# Work order
A faithful copy of all the data is the goal; omit the pictures.

# Exercise data
—————
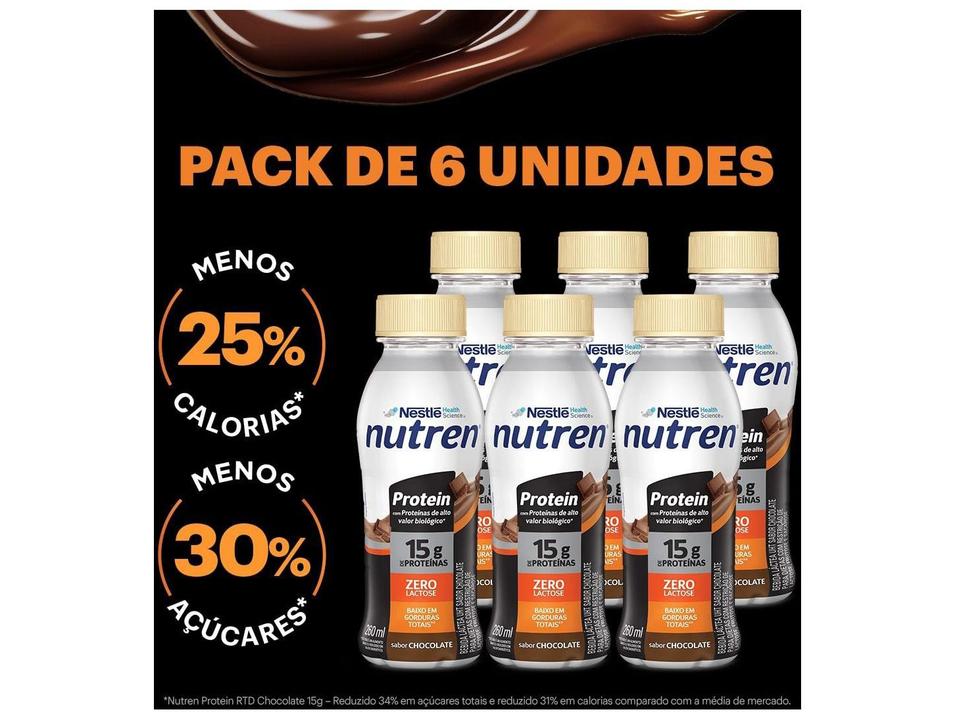 Suplemento Alimentar Nestlé Nutren Protein Zero Lactose Chocolate 260ml 6 Unidades - 2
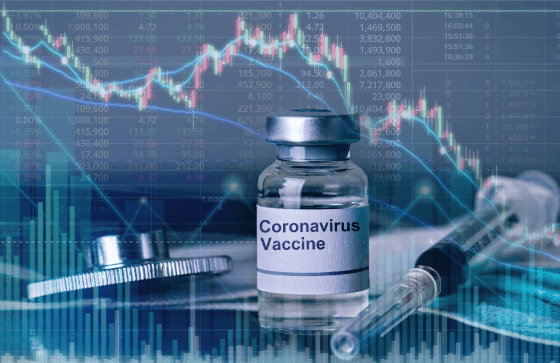 A vial labeled “Coronavirus Vaccine” alongside a syringe and stethoscope, overlaid with a digital stock market chart, symbolizing the intersection of healthcare advancements and financial market impacts.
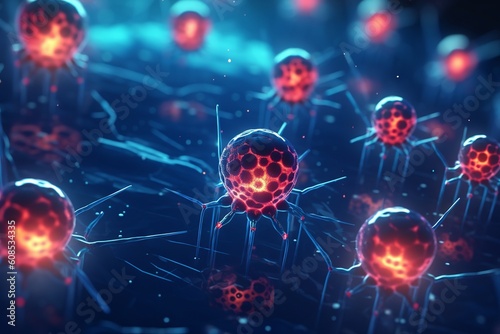 3D illustration of interconnected biotech cells with glowing lines representing their communication pathways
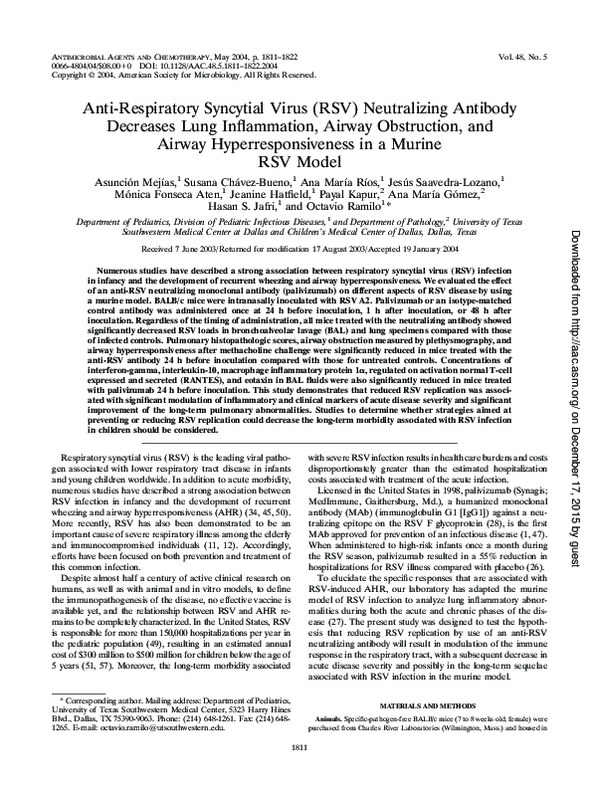 (PDF) Anti-Respiratory Syncytial Virus (RSV) Neutralizing Antibody ...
—————
# Result
 Suplemento Alimentar Nestlé Nutren Protein Zero Lactose Chocolate 260ml 6 Unidades - 2
 A vial labeled “Coronavirus Vaccine” alongside a syringe and stethoscope, overlaid with a digital stock market chart, symbolizing the intersection of healthcare advancements and financial market impacts.
 3D illustration of interconnected biotech cells with glowing lines representing their communication pathways
 (PDF) Anti-Respiratory Syncytial Virus (RSV) Neutralizing Antibody ...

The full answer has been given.